STU: But we spend a lot of time talking about baseball and --
GLENN: And the color. One is brown. One is white.
STU: There you go. Very good.
PAT: You could go with the shade. A little bit different.
JEFFY: Don't give him the answers.
GLENN: Okay. The shape. I said one is smaller. One is bigger.
STU: The point is, I even believed it. Right? I totally thought that was true. Great player, dirtbag. That was my whole -- you just believed that about Ty Cobb.
PAT: Yeah. Well, that's always the name that comes up when you're talking about Pete Rose in the Hall of Fame. You're telling me Ty Cobb is in the Hall of Fame, but not Pete Rose? I mean, look what he did compared to Pete Rose. I've heard that 100 times. One hundred times.
STU: Yeah. And look at, like, we all recognize this is true in the area, for example, for politics. FDR ended the Great Depression. Like, all these things that we know -- over time, you look at, and you're like, wait a minute. That's not right. This isn't right.
But when we get to -- there's a certain level of interest. Like if you hit -- like with sports, I'm interested in Ty Cobb because I think it's -- you know, I like sports. I haven't dedicated my life to looking at Ty Cobb like this author has. And it's like, when you actually look at these things, so many times, they're the opposite.
PAT: Tokyo Rose.
STU: Yeah, Tokyo Rose. You've done with Tokyo Rose.
GLENN: Woodrow Wilson. Woodrow Wilson.
STU: Woodrow Wilson.
It struck me -- it hit me initially because it was a sports reference. We had John Ziegler in here a couple weeks ago talking about the Penn State thing. And Joe Paterno being the main part of that. Of like, here's a guy who was fired, his reputation ruined, and really, in retrospect, it's pretty hard to make the case that Paterno in particular -- I mean, Ziegler goes even further than this. But Paterno in particular, it's hard to make the case that this guy had lengthy knowledge of these things and did something horrific because he wanted to endanger children. You know, it's -- it's really -- it's bizarre when you stop and you can get past the sort of craziness of the moment and really examine these things, how your opinion changes.

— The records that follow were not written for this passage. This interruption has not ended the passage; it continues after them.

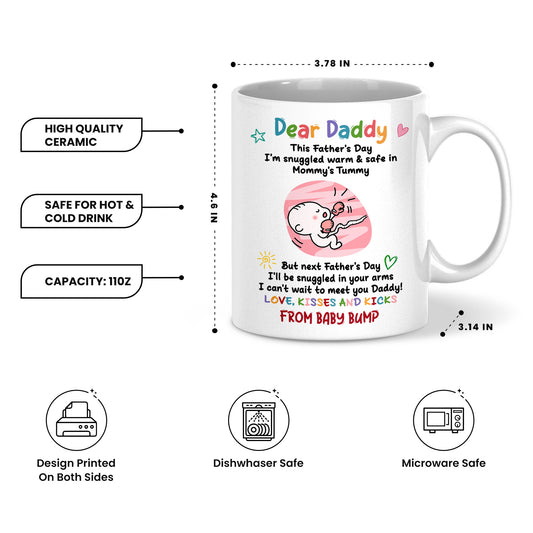 Personalized Dear Daddy Father’s Day Mug – Cute Baby Love Coffee Mug for New Dad, First Father’s Day Gift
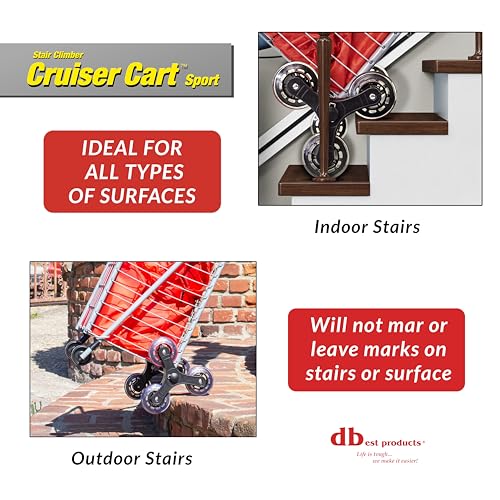 dbest Products Stair Climber Cruiser Cart Sport, Foldable Grocery Cart on Wheels,Multi-Use Collapsible Folding Laundry Basket with Wheels - color: Silver, style: Stair Climber Cruiser Cart Sport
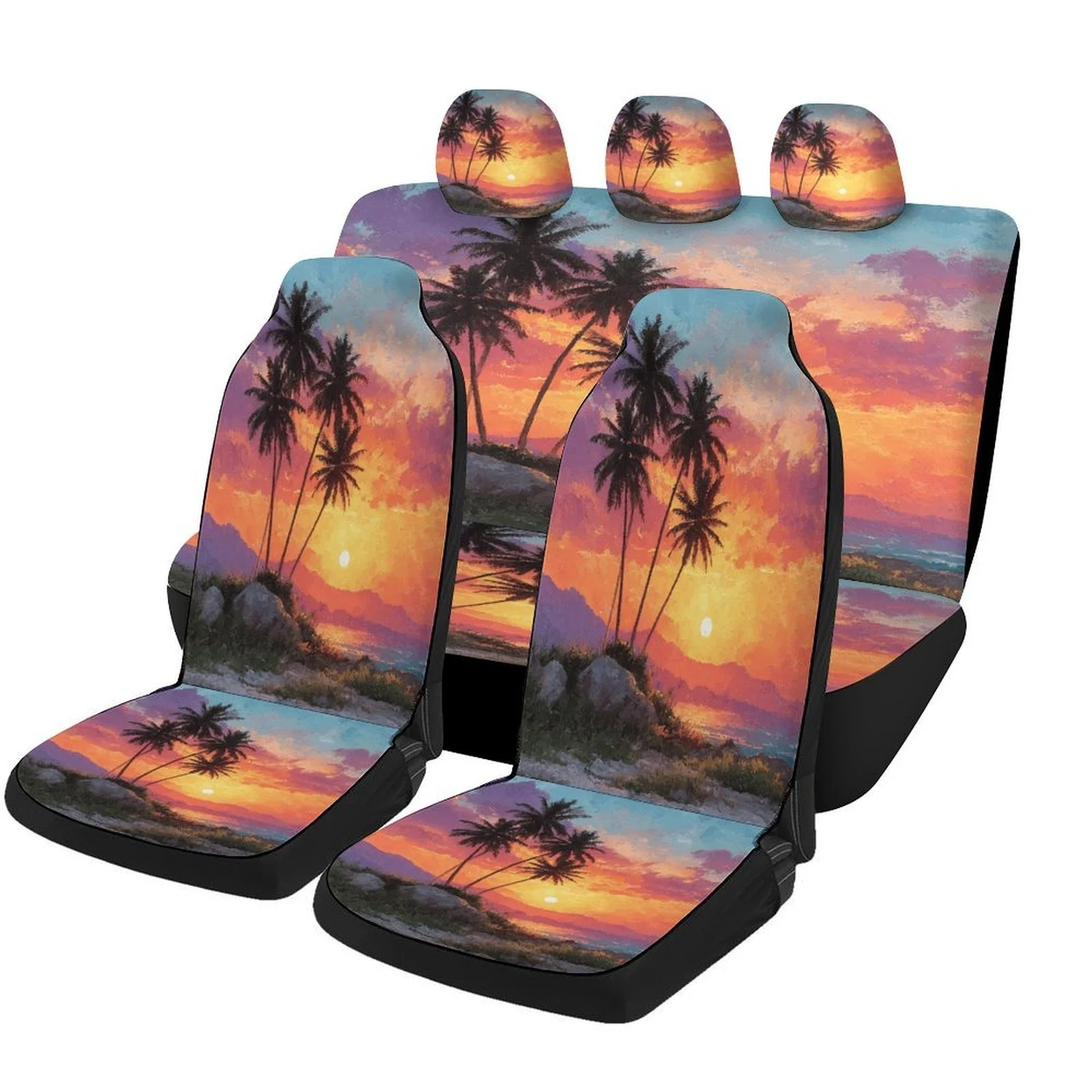 

Tropical Palm Tree Sunset Beach Car Seat Cover Set - Vibrant Sunset Design, Durable Polyester, Machine Washable, Fits Most Cars,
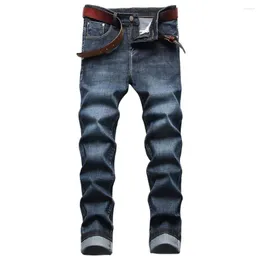 Men's Jeans Men Classic Blue Denim Casual Standard Fit Straight Stretch Pants Patch Trousers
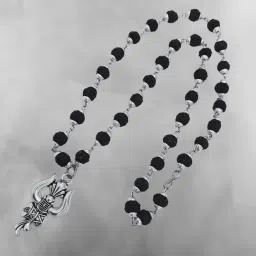 Most Beautiful Bhagwan Shiv 5 Mukhi Rudraksha 5 Mukhi Rudraksha Mala Beads Silver Plated Brass, Wood Chain-picture-8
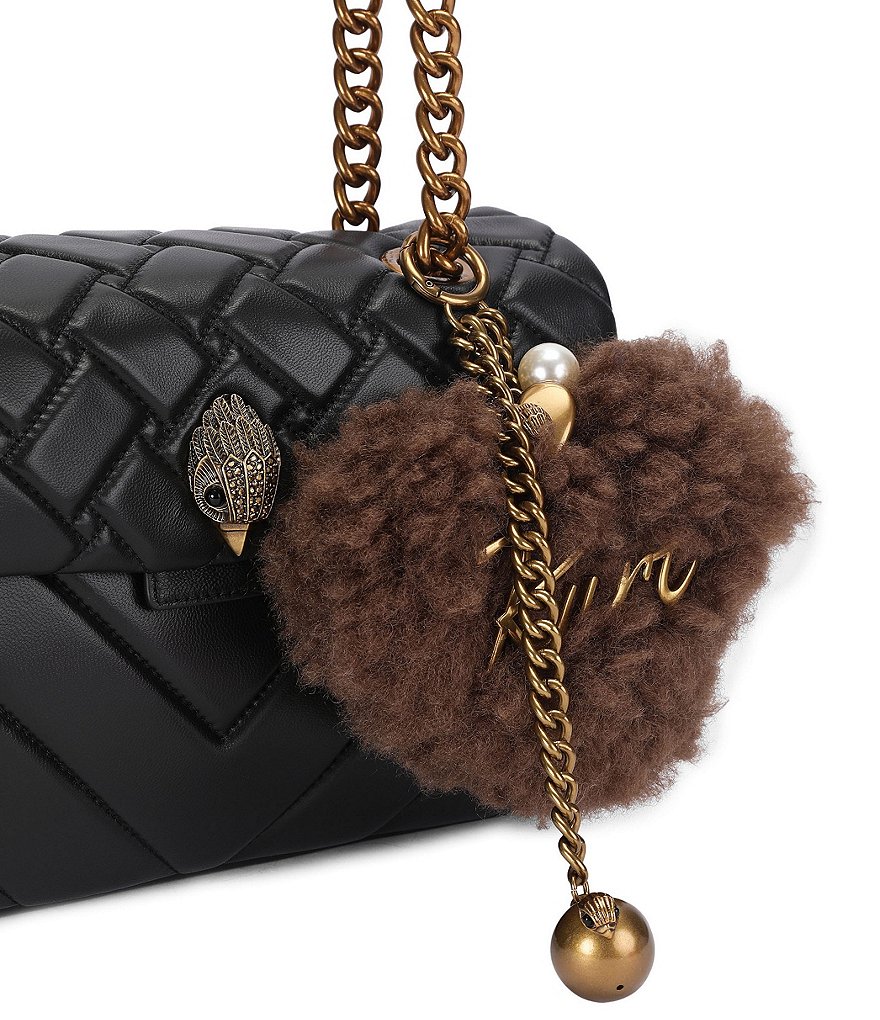 Kurt Geiger London Kurt Heart Faux Fur Bag Charm Key Chain - Brown - view 5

GLENN: I would love to hear -- in fact, no, I guess -- send it to PatGray@GlennBeck.com. I would like to hear who has been besmirched who needs to be restored?
PAT: That would be really interesting.
STU: Yeah, yeah.
GLENN: Whose credibility has been destroyed that needs to have it restored? And let's take it out of the last 20 years.
STU: Yeah.
GLENN: You know, because you can't --
STU: It's hard.
GLENN: It's too controversial the last 20 years.
PAT: Because you know it doesn't end at Ty Cobb and Tokyo Rose. There's got to be hundred of people --
GLENN: Of course not. That Tokyo Rose thing below blew me away. Blew me away.
PAT: Yeah. We had no idea. None.
GLENN: Yeah. You know, another thing I thought of is we should start -- because when Tokyo Rose -- she died in 2006. She died in 2006.
PAT: She was alive for a long time.
GLENN: Yeah, most of my life she was alive. Why didn't I ever talk to Tokyo Rose? Why didn't I ever reach out to Tokyo Rose?
PAT: We didn't know the story then.
GLENN: Right. But even not knowing the story, what happened? Why wouldn't we do that?
PAT: Uh-huh.
GLENN: Who was it, somebody that just died -- and then today I saw the picture, the guy who -- you remember that really famous firefighter in the Oklahoma City bombing that was carrying the baby?
STU: Oh, yeah.
GLENN: The little girl. Remember that? He's just retired.
PAT: Oh, wow.
GLENN: It's hard to believe because he was young in that -- he's just retired from the fire department.
PAT: Jeez.
GLENN: We should find people from history -- the Tokyo Rose size, that are here, available, and just nobody is talking to, before they die.
PAT: Yeah, we should.
GLENN: I'd love to talk to some of those people.
PAT: That would be great. By the way, did you know that Ty Cobb hit over 300 three separate years?
STU: See, this is --
GLENN: This is going to happen now for three weeks.
PAT: Easily.
STU: We will be in the middle of a conversation about something totally different. And like, did you know he hit 420 one year? 420. 420.
PAT: The highest batting averages of all the time.
GLENN: And that's all he'll say. That's all he'll say. And we'll all go, huh. And then right back into the conversation.